*THE DATA:*
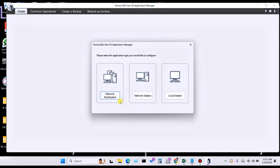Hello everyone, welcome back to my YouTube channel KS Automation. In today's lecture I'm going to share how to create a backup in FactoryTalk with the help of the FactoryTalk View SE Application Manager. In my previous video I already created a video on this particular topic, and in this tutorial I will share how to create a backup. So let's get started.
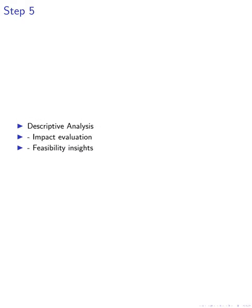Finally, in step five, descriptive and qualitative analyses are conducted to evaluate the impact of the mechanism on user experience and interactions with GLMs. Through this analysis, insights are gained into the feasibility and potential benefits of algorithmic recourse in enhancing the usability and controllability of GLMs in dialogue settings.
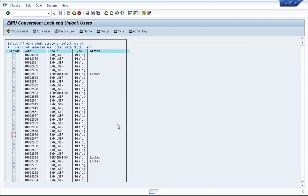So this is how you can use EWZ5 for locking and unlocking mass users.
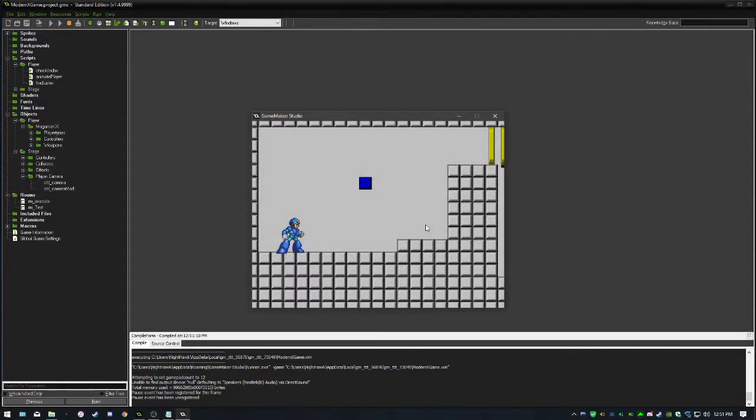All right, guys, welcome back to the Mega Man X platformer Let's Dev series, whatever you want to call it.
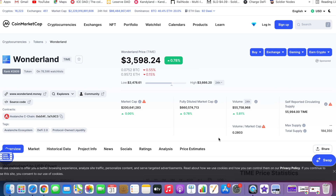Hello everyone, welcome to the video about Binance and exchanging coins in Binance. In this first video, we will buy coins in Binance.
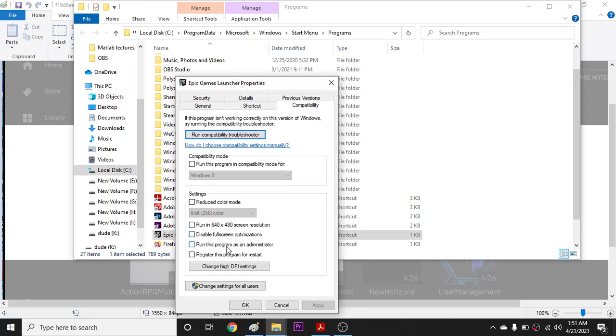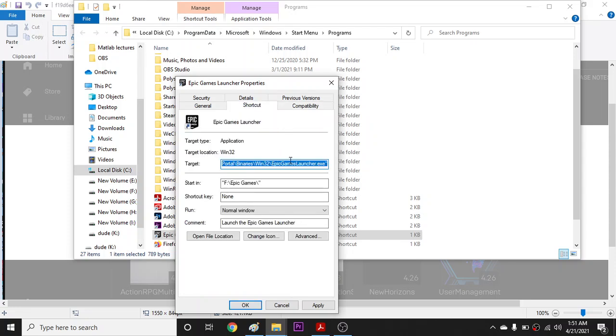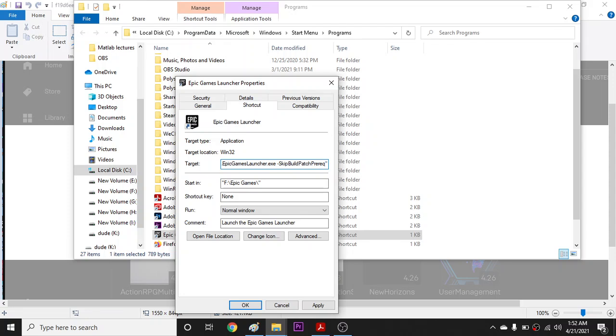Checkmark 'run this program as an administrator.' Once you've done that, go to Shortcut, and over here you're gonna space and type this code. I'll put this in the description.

* * *

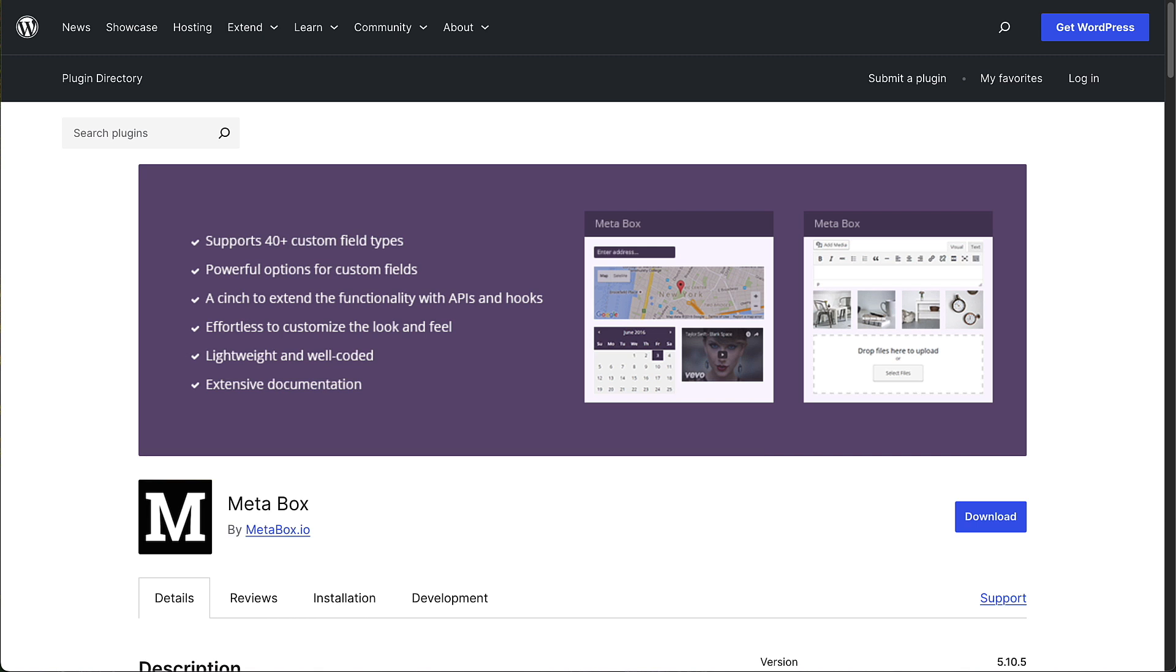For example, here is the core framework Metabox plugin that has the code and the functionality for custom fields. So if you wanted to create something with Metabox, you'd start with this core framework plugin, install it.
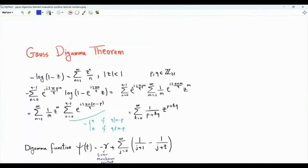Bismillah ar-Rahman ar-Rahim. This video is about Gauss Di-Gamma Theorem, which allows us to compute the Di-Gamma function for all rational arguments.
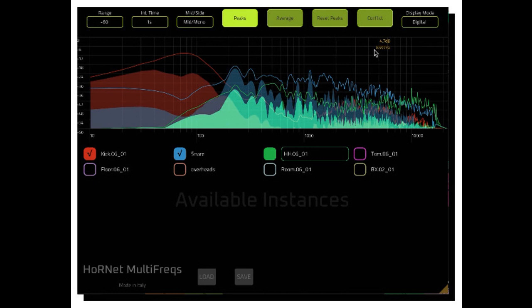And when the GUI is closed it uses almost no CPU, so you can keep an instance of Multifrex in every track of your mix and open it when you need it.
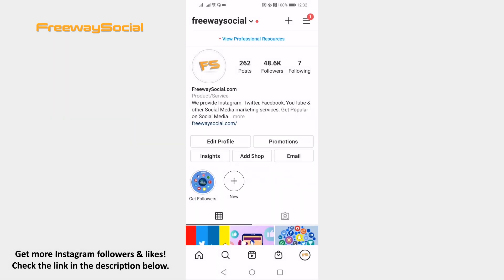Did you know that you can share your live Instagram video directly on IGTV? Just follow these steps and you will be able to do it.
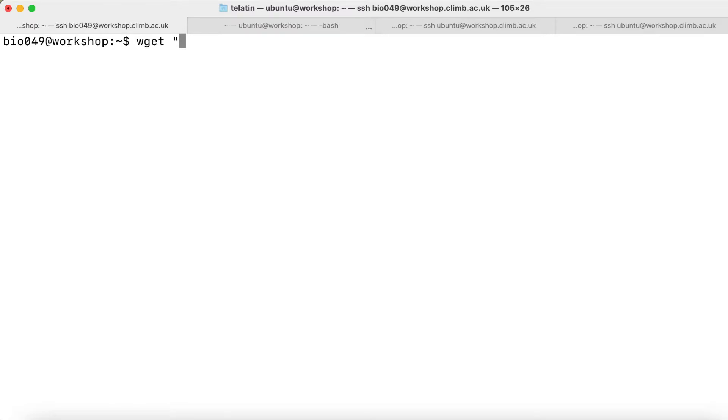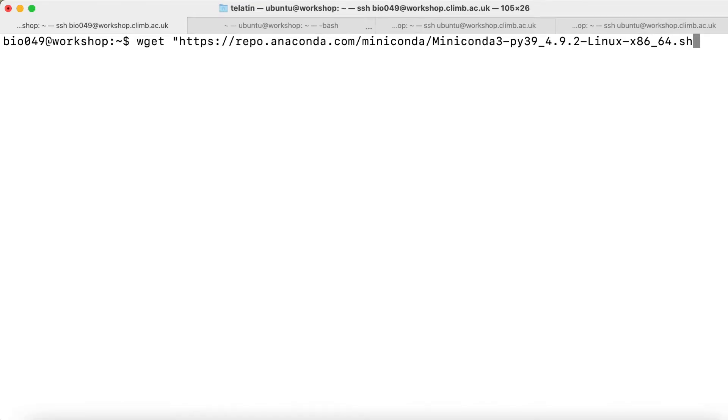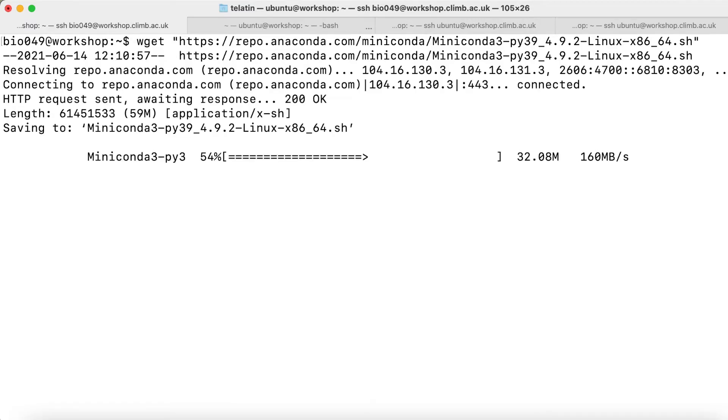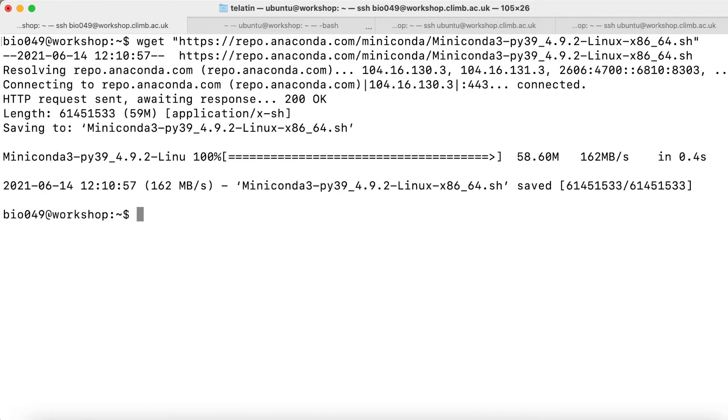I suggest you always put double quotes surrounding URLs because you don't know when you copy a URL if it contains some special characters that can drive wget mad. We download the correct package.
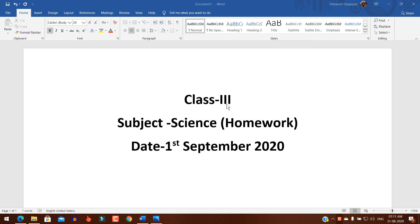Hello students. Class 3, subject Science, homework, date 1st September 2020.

...

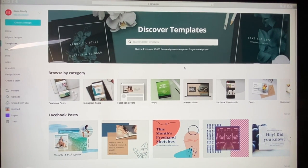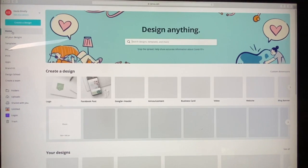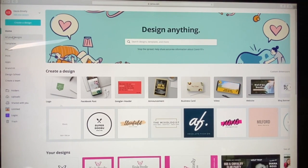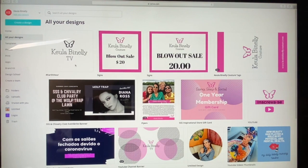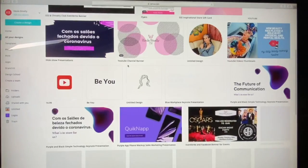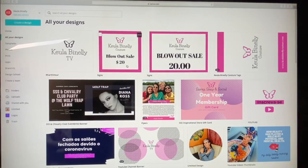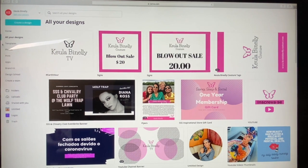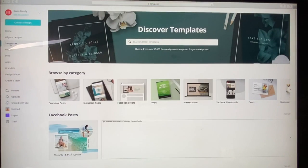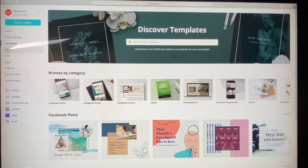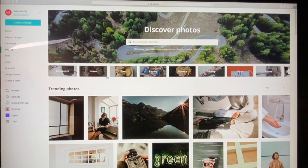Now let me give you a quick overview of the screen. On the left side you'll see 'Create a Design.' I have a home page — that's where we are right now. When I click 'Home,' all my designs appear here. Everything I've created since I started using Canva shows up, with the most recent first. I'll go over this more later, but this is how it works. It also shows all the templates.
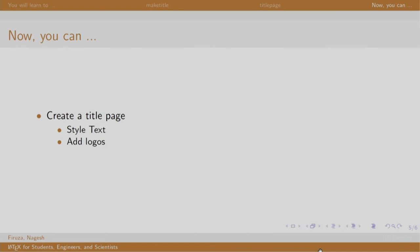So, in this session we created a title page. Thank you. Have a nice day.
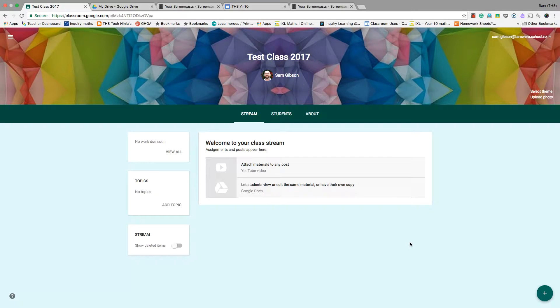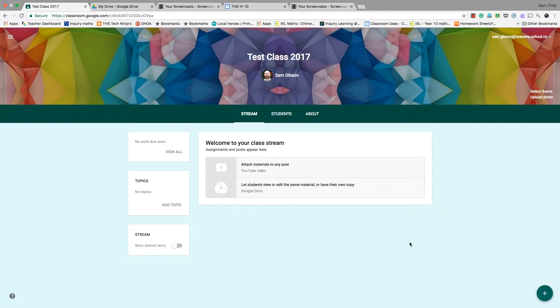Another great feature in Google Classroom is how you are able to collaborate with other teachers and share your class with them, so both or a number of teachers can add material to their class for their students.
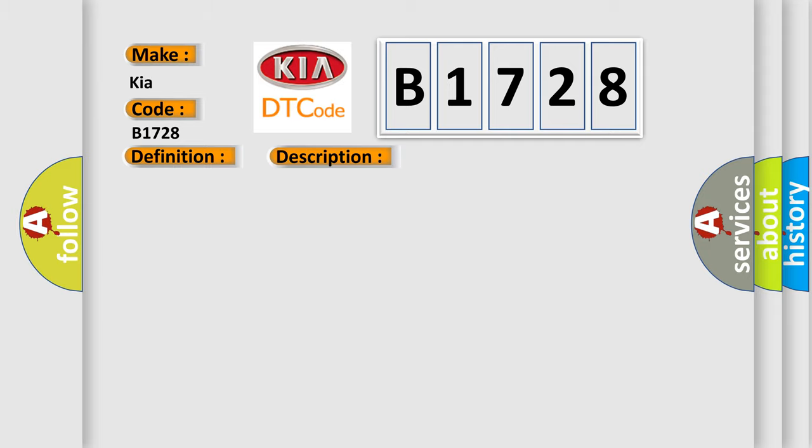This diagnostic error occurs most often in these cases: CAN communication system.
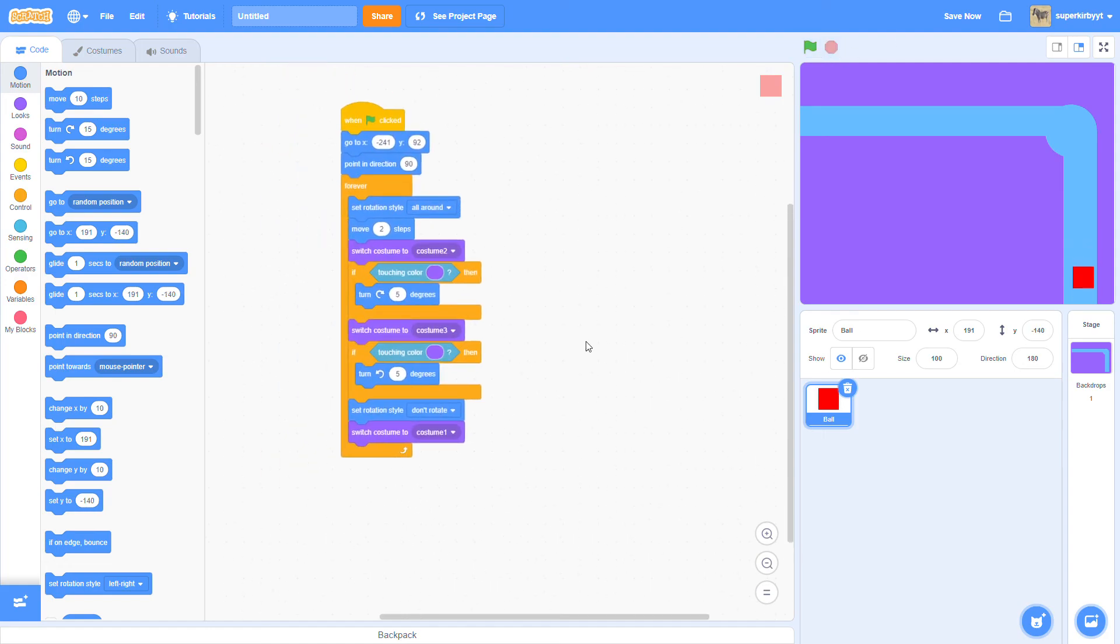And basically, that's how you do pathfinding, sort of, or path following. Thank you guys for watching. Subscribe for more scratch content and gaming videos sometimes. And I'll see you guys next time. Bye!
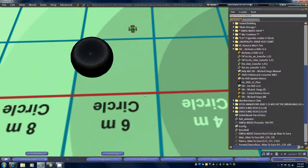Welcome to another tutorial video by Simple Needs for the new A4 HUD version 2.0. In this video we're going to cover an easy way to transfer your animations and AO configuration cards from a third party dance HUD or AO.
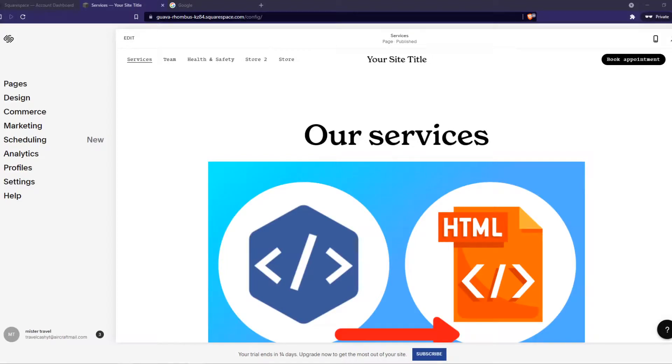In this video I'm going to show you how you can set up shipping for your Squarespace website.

*EXERCISE BRIEF:* Using the listing above, repeat word for word each line from the one with "Hello everyone, welcome back" down to the one with "Checkmark 'run this", both included. Omit all pictures.

*SOLUTION TO THIS TASK:*
Hello everyone, welcome back to my YouTube channel KS Automation. In today's lecture I'm going to share how to create a backup in FactoryTalk with the help of the FactoryTalk View SE Application Manager. In my previous video I already created a video on this particular topic, and in this tutorial I will share how to create a backup. So let's get started.
Finally, in step five, descriptive and qualitative analyses are conducted to evaluate the impact of the mechanism on user experience and interactions with GLMs. Through this analysis, insights are gained into the feasibility and potential benefits of algorithmic recourse in enhancing the usability and controllability of GLMs in dialogue settings.
So this is how you can use EWZ5 for locking and unlocking mass users.
All right, guys, welcome back to the Mega Man X platformer Let's Dev series, whatever you want to call it.
Hello everyone, welcome to the video about Binance and exchanging coins in Binance. In this first video, we will buy coins in Binance.
Checkmark 'run this program as an administrator.' Once you've done that, go to Shortcut, and over here you're gonna space and type this code. I'll put this in the description.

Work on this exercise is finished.